Quelques critères pour sélectionner un ETF adapté à un contexte inflationniste :
- Privilégier les ETF exposés aux secteurs à fort pouvoir de fixation des prix (énergie, infrastructures, biens de consommation de base)
- Vérifier que les frais de gestion restent sous la barre des frais moyens du marché, car ils grignotent le rendement réel
- Choisir un horizon de placement d’au moins cinq ans, car la volatilité à court terme peut annuler les gains liés à l’inflation
Les actions protègent mieux de l’inflation que les obligations à taux fixe, dont le coupon ne bouge pas quand les prix grimpent. Une obligation qui rapporte un taux fixe perd de l’attrait si l’inflation accélère. Les investisseurs le savent et arbitrent en conséquence.
Immobilier papier : indexation des loyers et horizon long
L’immobilier est souvent cité comme un rempart contre l’inflation. La raison : les loyers sont en partie indexés sur l’indice des prix. Quand les prix montent, les revenus locatifs suivent, du moins en théorie.

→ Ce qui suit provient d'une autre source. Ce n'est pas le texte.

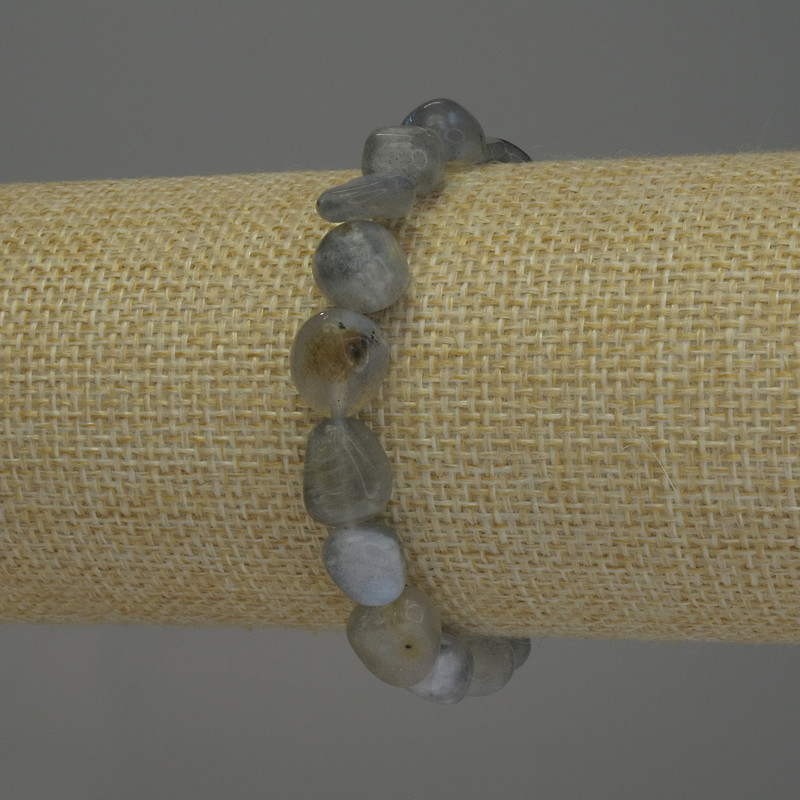 Bracelet en labradorite facettée, diamètre 10-12×9 mm ±, longueur 18 cm, élastique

L’immobilier papier (SCPI, OPCI) permet d’accéder à ce mécanisme sans acheter un bien en direct. Vous détenez des parts d’un portefeuille immobilier géré par une société de gestion. Les loyers collectés sont redistribués sous forme de dividendes.
La nuance à connaître : l’immobilier papier exige un horizon de dix ans ou plus pour lisser les cycles. Le contexte de taux pèse sur certains segments, notamment les bureaux en zone périphérique. Une sélection fine du support reste indispensable. Un fonds diversifié sur plusieurs typologies (santé, logistique, résidentiel) absorbe mieux les chocs qu’un fonds concentré sur un seul secteur.

Arbitrer entre protection et rendement : une grille de décision
Profiter de l’inflation ne veut pas dire prendre des risques démesurés. L’idée est de répartir son argent selon trois fonctions distinctes :
- L’épargne de précaution (LEP, Livret A) : disponible immédiatement, même si le rendement réel est faible ou négatif. Elle couvre les imprévus
- La trésorerie de rendement (fonds monétaires, comptes à terme) : accessible en quelques jours, avec un rendement qui suit les taux de marché
- Les actifs de long terme (ETF actions, immobilier papier) : bloqués plusieurs années, mais capables de dépasser l’inflation sur la durée
La répartition entre ces trois poches dépend de votre horizon et de vos besoins de liquidité. Quelqu’un qui n’aura pas besoin de son épargne avant dix ans peut orienter une part significative vers les actions et l’immobilier. Quelqu’un qui anticipe une dépense à court terme gardera davantage en trésorerie.
L’inflation n’est pas une fatalité pour votre patrimoine. Elle le devient uniquement si votre argent reste sur des supports dont le rendement réel est négatif. La différence entre subir la hausse des prix et en tirer parti tient souvent à un seul geste : vérifier, pour chaque placement, si ce qu’il rapporte dépasse réellement ce que l’inflation vous coûte.